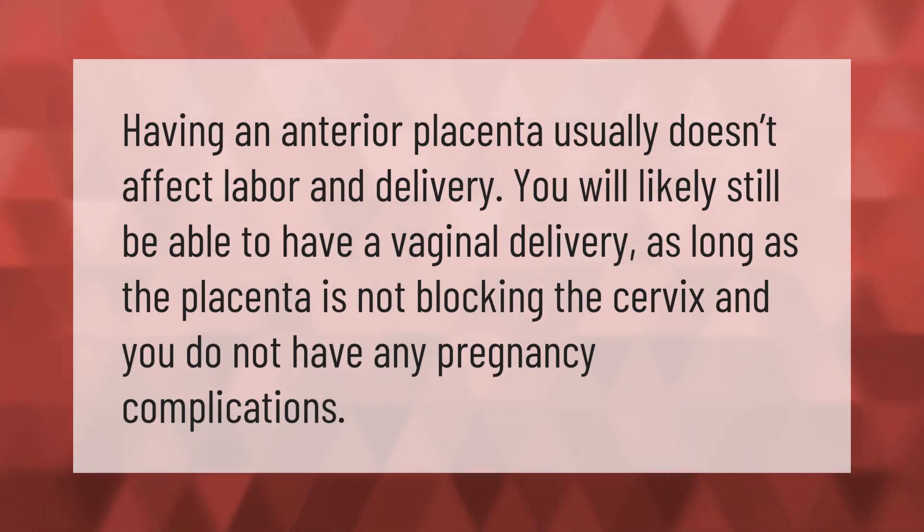Having an anterior placenta usually doesn't affect labor and delivery. You will likely still be able to have a vaginal delivery, as long as the placenta is not blocking the cervix and you do not have any pregnancy complications.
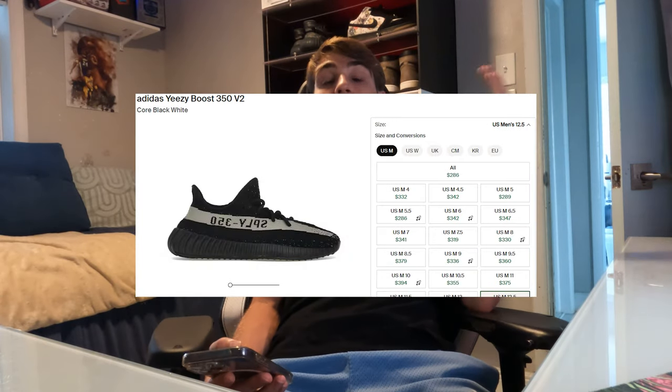I really wanted to hit the Oreo Yeezy 350s. I used to really want those back in the day — when they came out with the white stripe, the red stripe, the green stripe, and I think the copper stripe too. The Oreos came out a little later and are like one of the OG ones. Those still go for like $350 in all sizes. They used to go for like $500 to $700, which is crazy. Anyone who says Yeezys are dead is wrong — people really still want Yeezys and they're selling out.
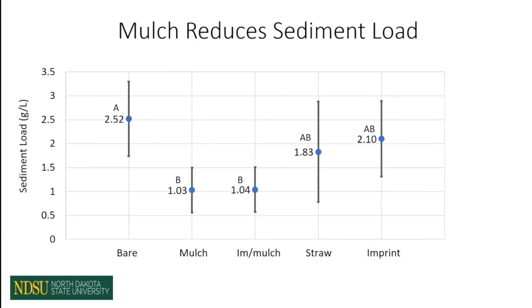Looking at the erosion or sediment load parameter, both mulch treatments were the only ones to reduce erosion and be statistically different than the control. They ended up reducing erosion by over 58 percent and kept a lot of that sediment within the right-of-way, as we expected.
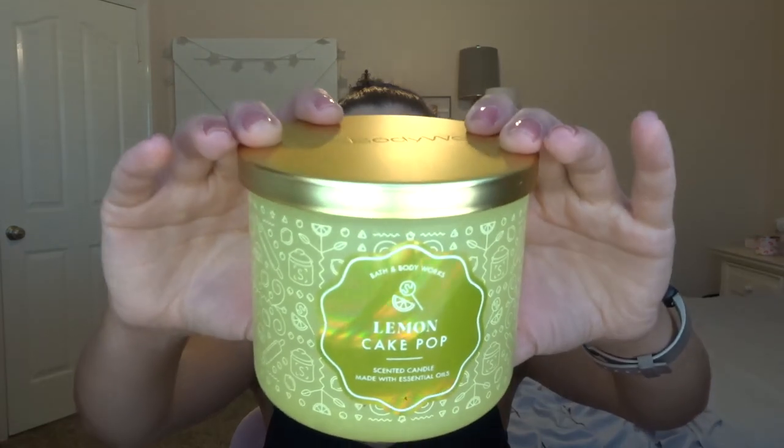The next one I have is Lemon Cake Pop, also from the same line. The scent notes are Frosted Citrus Glaze, Vanilla Cake Pop, and Sugar Crystals. This was really good too — more of a light-medium thrower, not very strong, but I really enjoyed it. It definitely smelled like lemon squares to me. It went all the way down to the bottom with no sooting. This was a really good burner, so no complaints here.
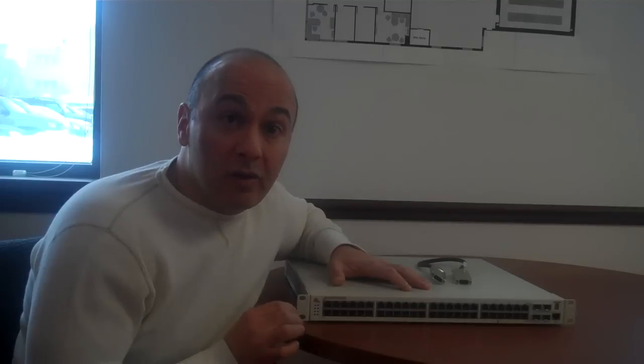It consumes up to 80% less power than comparable switches, and is also priced at 30% less than comparable switches. So you've got power, priced less, green, and scalable.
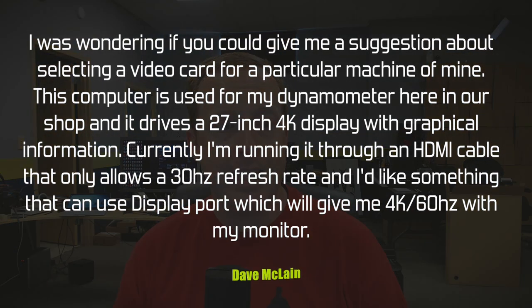Hey everybody, welcome to another edition of the PC Perspective mailbag. Today we have a host of new questions to answer from users like Dave, Kyle, Scott, and Arnold. As a reminder, if you want a question answered on next week's episode or a future episode, leave it in the comments of the YouTube video below, and if you have any feedback about audio or video quality, leave it all there. Let's jump right into it.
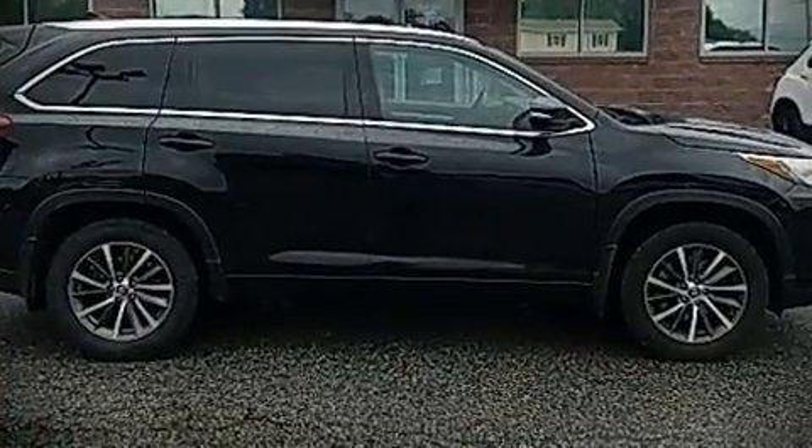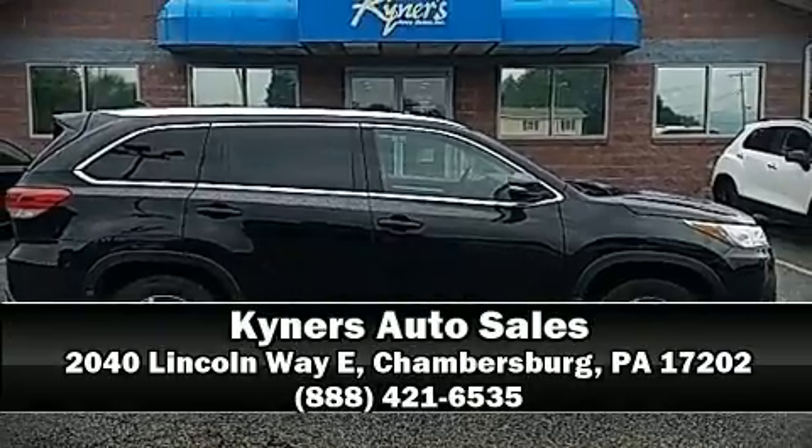Our experienced sales staff is eager to share its knowledge and enthusiasm with you. We are here to help you.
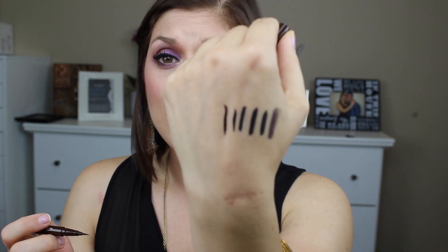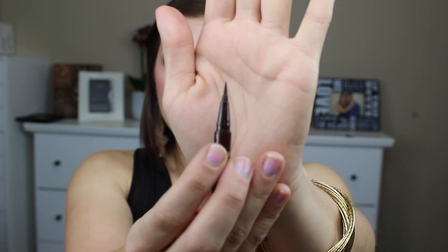Next is the Stila Stay All Day, and I knew this was in the collection. It's in brown, which I don't own — I own blue, teal, and black — but it is pigmented, beautiful, and easy to work with. It's a felt-tip liner and these are waterproof. You cannot go wrong with the Stila Stay All Days. If you've never used one, definitely pick up this collection or watch for Stila sales at Hautelook to get them at a discounted price.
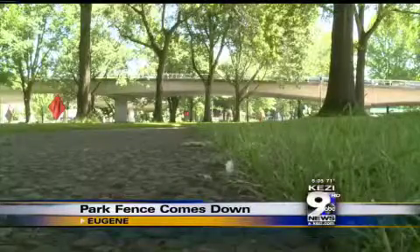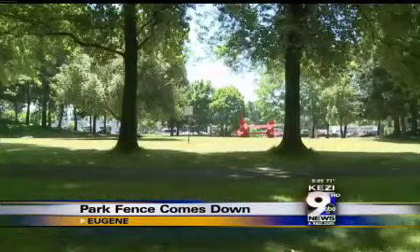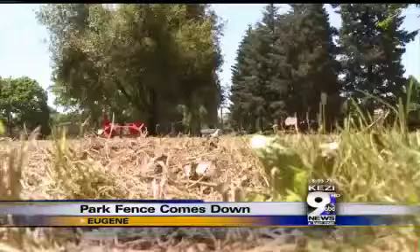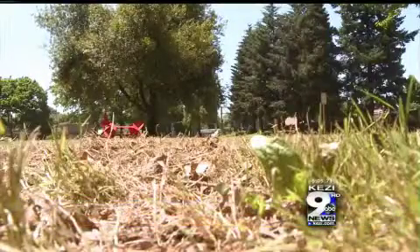And now, as you guys can see, the fences are down. But City of Eugene Public Works asks that you don't cross this line just yet. The city took down the fence to give a contractor ample access to the park. The crews have been planting grass seed, aerating the lawn, and doing other maintenance for a few days now.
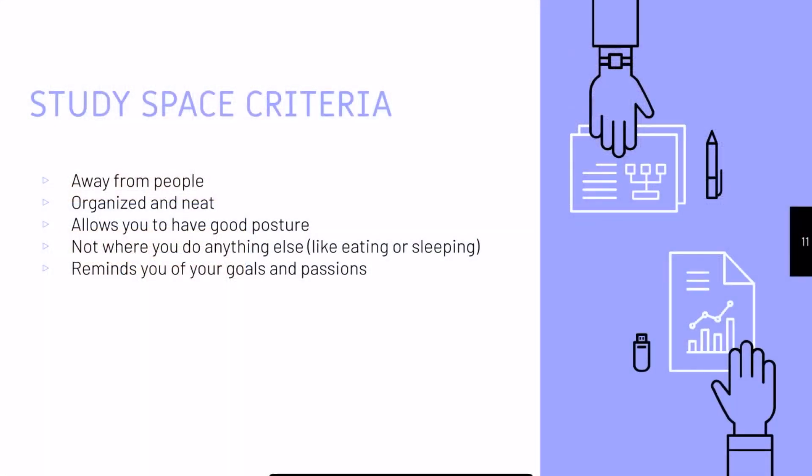In essence, your study space has to follow certain criteria. It has to be away from people, organized and neat, allowing you to have good posture, reminding you of your goals and passions, and it cannot be where you do anything else, like eating or sleeping.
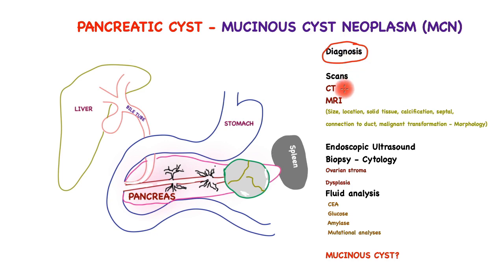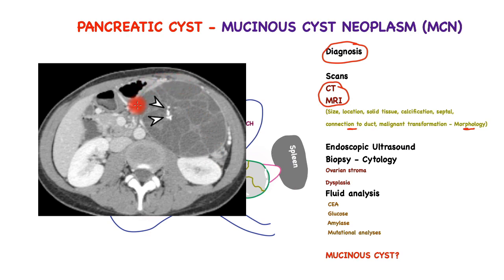The diagnosis of MCN typically begins with a scan — CT and MRI are the most important. These can reveal size, location, whether there is a solid component indicative of malignancy, calcification, septa, and whether it is connected to the main pancreatic duct — which is uncommon for MCN and more likely to indicate another cyst type called IPMN. Scans can also show whether malignant transformation has already occurred and help differentiate different types of pancreatic cysts. In this CT scan there is an extreme example of an MCN which is quite large, showing different septation and calcification, all indicative of an MCN.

Your task
Set down all of the data word for word; no pictures belong in it.

Result
Having an anterior placenta usually doesn't affect labor and delivery. You will likely still be able to have a vaginal delivery, as long as the placenta is not blocking the cervix and you do not have any pregnancy complications.
I really wanted to hit the Oreo Yeezy 350s. I used to really want those back in the day — when they came out with the white stripe, the red stripe, the green stripe, and I think the copper stripe too. The Oreos came out a little later and are like one of the OG ones. Those still go for like $350 in all sizes. They used to go for like $500 to $700, which is crazy. Anyone who says Yeezys are dead is wrong — people really still want Yeezys and they're selling out.
Looking at the erosion or sediment load parameter, both mulch treatments were the only ones to reduce erosion and be statistically different than the control. They ended up reducing erosion by over 58 percent and kept a lot of that sediment within the right-of-way, as we expected.
The next one I have is Lemon Cake Pop, also from the same line. The scent notes are Frosted Citrus Glaze, Vanilla Cake Pop, and Sugar Crystals. This was really good too — more of a light-medium thrower, not very strong, but I really enjoyed it. It definitely smelled like lemon squares to me. It went all the way down to the bottom with no sooting. This was a really good burner, so no complaints here.
It consumes up to 80% less power than comparable switches, and is also priced at 30% less than comparable switches. So you've got power, priced less, green, and scalable.
Hey everybody, welcome to another edition of the PC Perspective mailbag. Today we have a host of new questions to answer from users like Dave, Kyle, Scott, and Arnold. As a reminder, if you want a question answered on next week's episode or a future episode, leave it in the comments of the YouTube video below, and if you have any feedback about audio or video quality, leave it all there. Let's jump right into it.
Our experienced sales staff is eager to share its knowledge and enthusiasm with you. We are here to help you.
Next is the Stila Stay All Day, and I knew this was in the collection. It's in brown, which I don't own — I own blue, teal, and black — but it is pigmented, beautiful, and easy to work with. It's a felt-tip liner and these are waterproof. You cannot go wrong with the Stila Stay All Days. If you've never used one, definitely pick up this collection or watch for Stila sales at Hautelook to get them at a discounted price.
And now, as you guys can see, the fences are down. But City of Eugene Public Works asks that you don't cross this line just yet. The city took down the fence to give a contractor ample access to the park. The crews have been planting grass seed, aerating the lawn, and doing other maintenance for a few days now.
In essence, your study space has to follow certain criteria. It has to be away from people, organized and neat, allowing you to have good posture, reminding you of your goals and passions, and it cannot be where you do anything else, like eating or sleeping.
The diagnosis of MCN typically begins with a scan — CT and MRI are the most important. These can reveal size, location, whether there is a solid component indicative of malignancy, calcification, septa, and whether it is connected to the main pancreatic duct — which is uncommon for MCN and more likely to indicate another cyst type called IPMN. Scans can also show whether malignant transformation has already occurred and help differentiate different types of pancreatic cysts. In this CT scan there is an extreme example of an MCN which is quite large, showing different septation and calcification, all indicative of an MCN.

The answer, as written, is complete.